Extract the full listing below without altering a single character.

+===+

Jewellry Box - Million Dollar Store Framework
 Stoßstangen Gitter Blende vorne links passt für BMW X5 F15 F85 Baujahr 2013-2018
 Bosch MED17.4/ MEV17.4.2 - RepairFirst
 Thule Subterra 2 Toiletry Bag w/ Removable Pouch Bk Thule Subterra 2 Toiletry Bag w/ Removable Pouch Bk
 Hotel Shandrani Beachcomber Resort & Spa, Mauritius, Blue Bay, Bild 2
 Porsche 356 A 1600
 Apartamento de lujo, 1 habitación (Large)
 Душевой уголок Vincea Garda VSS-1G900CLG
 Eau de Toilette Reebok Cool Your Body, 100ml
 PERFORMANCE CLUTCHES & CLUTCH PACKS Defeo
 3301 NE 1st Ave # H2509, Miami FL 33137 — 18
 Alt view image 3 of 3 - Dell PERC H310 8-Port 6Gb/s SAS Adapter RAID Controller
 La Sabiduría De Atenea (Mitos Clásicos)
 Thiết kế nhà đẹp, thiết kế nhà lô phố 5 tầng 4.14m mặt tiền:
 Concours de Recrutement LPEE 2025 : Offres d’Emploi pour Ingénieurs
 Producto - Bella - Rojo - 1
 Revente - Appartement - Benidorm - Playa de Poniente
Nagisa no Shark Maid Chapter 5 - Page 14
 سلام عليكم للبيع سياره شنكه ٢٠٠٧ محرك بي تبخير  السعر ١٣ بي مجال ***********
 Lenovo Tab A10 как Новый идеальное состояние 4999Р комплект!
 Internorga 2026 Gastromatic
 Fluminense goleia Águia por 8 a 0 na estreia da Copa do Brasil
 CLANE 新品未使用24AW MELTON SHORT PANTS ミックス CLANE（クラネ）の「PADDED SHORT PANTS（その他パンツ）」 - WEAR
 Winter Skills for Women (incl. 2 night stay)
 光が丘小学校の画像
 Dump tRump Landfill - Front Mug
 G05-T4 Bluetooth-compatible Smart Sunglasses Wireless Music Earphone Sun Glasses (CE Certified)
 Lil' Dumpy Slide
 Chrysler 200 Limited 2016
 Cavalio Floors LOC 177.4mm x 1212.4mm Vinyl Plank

+===+

▶ RESPONSE FOR THIS EXERCISE
Jewellry Box - Million Dollar Store Framework
 Stoßstangen Gitter Blende vorne links passt für BMW X5 F15 F85 Baujahr 2013-2018
 Bosch MED17.4/ MEV17.4.2 - RepairFirst
 Thule Subterra 2 Toiletry Bag w/ Removable Pouch Bk Thule Subterra 2 Toiletry Bag w/ Removable Pouch Bk
 Hotel Shandrani Beachcomber Resort & Spa, Mauritius, Blue Bay, Bild 2
 Porsche 356 A 1600
 Apartamento de lujo, 1 habitación (Large)
 Душевой уголок Vincea Garda VSS-1G900CLG
 Eau de Toilette Reebok Cool Your Body, 100ml
 PERFORMANCE CLUTCHES & CLUTCH PACKS Defeo
 3301 NE 1st Ave # H2509, Miami FL 33137 — 18
 Alt view image 3 of 3 - Dell PERC H310 8-Port 6Gb/s SAS Adapter RAID Controller
 La Sabiduría De Atenea (Mitos Clásicos)
 Thiết kế nhà đẹp, thiết kế nhà lô phố 5 tầng 4.14m mặt tiền:
 Concours de Recrutement LPEE 2025 : Offres d’Emploi pour Ingénieurs
 Producto - Bella - Rojo - 1
 Revente - Appartement - Benidorm - Playa de Poniente
Nagisa no Shark Maid Chapter 5 - Page 14
 سلام عليكم للبيع سياره شنكه ٢٠٠٧ محرك بي تبخير  السعر ١٣ بي مجال ***********
 Lenovo Tab A10 как Новый идеальное состояние 4999Р комплект!
 Internorga 2026 Gastromatic
 Fluminense goleia Águia por 8 a 0 na estreia da Copa do Brasil
 CLANE 新品未使用24AW MELTON SHORT PANTS ミックス CLANE（クラネ）の「PADDED SHORT PANTS（その他パンツ）」 - WEAR
 Winter Skills for Women (incl. 2 night stay)
 光が丘小学校の画像
 Dump tRump Landfill - Front Mug
 G05-T4 Bluetooth-compatible Smart Sunglasses Wireless Music Earphone Sun Glasses (CE Certified)
 Lil' Dumpy Slide
 Chrysler 200 Limited 2016
 Cavalio Floors LOC 177.4mm x 1212.4mm Vinyl Plank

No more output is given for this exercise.